THE DATA -
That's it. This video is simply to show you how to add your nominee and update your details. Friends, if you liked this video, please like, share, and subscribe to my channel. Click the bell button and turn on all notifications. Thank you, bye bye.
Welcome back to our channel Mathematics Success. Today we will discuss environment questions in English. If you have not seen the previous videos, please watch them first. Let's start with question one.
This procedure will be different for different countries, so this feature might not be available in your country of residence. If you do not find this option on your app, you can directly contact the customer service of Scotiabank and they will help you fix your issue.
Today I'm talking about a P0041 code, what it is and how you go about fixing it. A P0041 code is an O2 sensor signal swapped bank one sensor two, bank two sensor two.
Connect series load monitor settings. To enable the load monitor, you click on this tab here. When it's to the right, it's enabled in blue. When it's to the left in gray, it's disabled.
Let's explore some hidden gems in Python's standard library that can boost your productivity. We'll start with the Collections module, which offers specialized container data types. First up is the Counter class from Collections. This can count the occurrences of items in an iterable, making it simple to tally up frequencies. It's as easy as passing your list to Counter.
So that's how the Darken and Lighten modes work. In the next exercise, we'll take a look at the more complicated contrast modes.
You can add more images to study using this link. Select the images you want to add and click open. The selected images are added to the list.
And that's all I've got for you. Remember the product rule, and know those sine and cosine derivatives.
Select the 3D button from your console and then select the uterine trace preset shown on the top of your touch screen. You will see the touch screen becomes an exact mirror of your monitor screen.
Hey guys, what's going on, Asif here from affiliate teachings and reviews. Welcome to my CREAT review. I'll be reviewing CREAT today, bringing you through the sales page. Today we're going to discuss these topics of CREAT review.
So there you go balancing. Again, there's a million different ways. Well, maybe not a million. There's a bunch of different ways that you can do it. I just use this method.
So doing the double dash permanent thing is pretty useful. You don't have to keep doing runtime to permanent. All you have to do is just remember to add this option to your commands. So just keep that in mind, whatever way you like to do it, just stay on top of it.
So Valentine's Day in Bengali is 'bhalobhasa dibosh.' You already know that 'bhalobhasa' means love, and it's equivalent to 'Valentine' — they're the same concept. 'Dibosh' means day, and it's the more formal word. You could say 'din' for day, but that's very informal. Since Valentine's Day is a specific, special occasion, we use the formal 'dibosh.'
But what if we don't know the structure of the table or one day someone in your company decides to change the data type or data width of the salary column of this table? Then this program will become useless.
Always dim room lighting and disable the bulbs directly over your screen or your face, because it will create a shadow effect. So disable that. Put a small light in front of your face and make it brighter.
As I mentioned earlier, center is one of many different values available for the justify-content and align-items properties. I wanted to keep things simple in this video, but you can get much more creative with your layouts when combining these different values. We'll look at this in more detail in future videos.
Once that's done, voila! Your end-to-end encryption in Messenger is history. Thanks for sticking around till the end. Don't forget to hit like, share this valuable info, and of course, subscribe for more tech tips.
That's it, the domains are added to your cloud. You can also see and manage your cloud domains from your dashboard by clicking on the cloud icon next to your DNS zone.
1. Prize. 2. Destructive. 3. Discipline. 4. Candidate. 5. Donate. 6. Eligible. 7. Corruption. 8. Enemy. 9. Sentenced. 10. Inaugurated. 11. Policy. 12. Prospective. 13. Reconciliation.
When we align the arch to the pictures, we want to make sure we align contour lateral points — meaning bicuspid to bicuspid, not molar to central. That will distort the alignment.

REQUIRED ACTION - Using the records above, restate word for word the lines from the one with "So that's how" through the one with "So doing the", both included.

EXERCISE RESPONSE -
So that's how the Darken and Lighten modes work. In the next exercise, we'll take a look at the more complicated contrast modes.
You can add more images to study using this link. Select the images you want to add and click open. The selected images are added to the list.
And that's all I've got for you. Remember the product rule, and know those sine and cosine derivatives.
Select the 3D button from your console and then select the uterine trace preset shown on the top of your touch screen. You will see the touch screen becomes an exact mirror of your monitor screen.
Hey guys, what's going on, Asif here from affiliate teachings and reviews. Welcome to my CREAT review. I'll be reviewing CREAT today, bringing you through the sales page. Today we're going to discuss these topics of CREAT review.
So there you go balancing. Again, there's a million different ways. Well, maybe not a million. There's a bunch of different ways that you can do it. I just use this method.
So doing the double dash permanent thing is pretty useful. You don't have to keep doing runtime to permanent. All you have to do is just remember to add this option to your commands. So just keep that in mind, whatever way you like to do it, just stay on top of it.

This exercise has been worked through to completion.